Pattern: BFS on an implicit graph

Vertices are words. Edges connect words that differ in exactly one letter. The shortest path from begin to end in this graph is the answer. BFS finds shortest paths in unweighted graphs in O(V + E) time.

The trick is not "should I use BFS?" — that's obvious. The trick is making neighbor lookup fast. Naive "compare every pair of words" is O(W² · L) where W is the word list size and L is the word length. The pattern-bucketing trick brings it down to O(W · L²).

Naive: O(W²·L) neighbor lookup

For each word popped, scan all other words and check if they differ by one letter. Correct but quadratic in the dictionary size — TLE on the LeetCode version where W can be ~5000.

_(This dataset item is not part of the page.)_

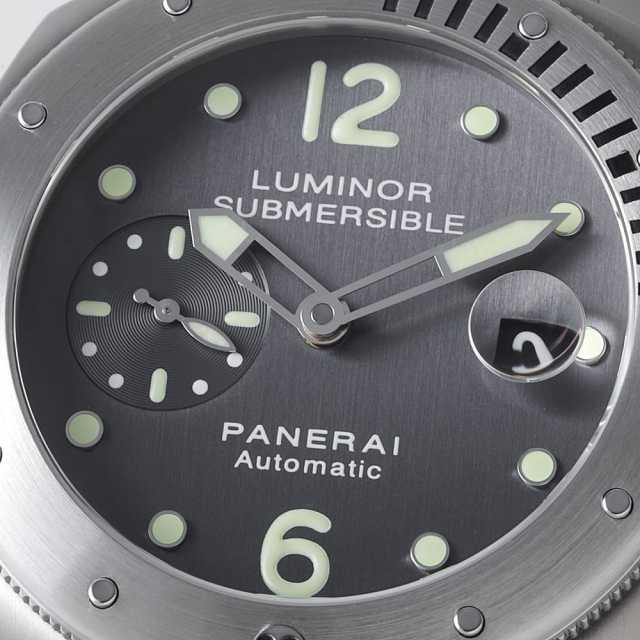 PAM00106 ブラック PANERAI（パネライ）ルミノール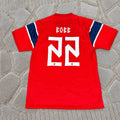 Oscar Bobb Norway 2026 World Cup Home Red Football Shirt Jersey Kit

from collections import deque

def ladder_length_naive(begin: str, end: str, word_list: list[str]) -> int:
    words = set(word_list)
    if end not in words:
        return 0

    q = deque([(begin, 1)])
    visited = {begin}
    while q:
        word, depth = q.popleft()
        if word == end:
            return depth
        for other in words:
            if other not in visited and differs_by_one(word, other):
                visited.add(other)
                q.append((other, depth + 1))
    return 0

def differs_by_one(a: str, b: str) -> bool:
    return sum(x != y for x, y in zip(a, b)) == 1

Optimal: pattern bucketing

Pre-compute a hash from each "with one letter replaced by *" pattern to the words matching it. A word has L patterns; two words are neighbors iff they share at least one pattern. Now neighbor lookup is O(L) per word: try each L patterns, read off the bucket.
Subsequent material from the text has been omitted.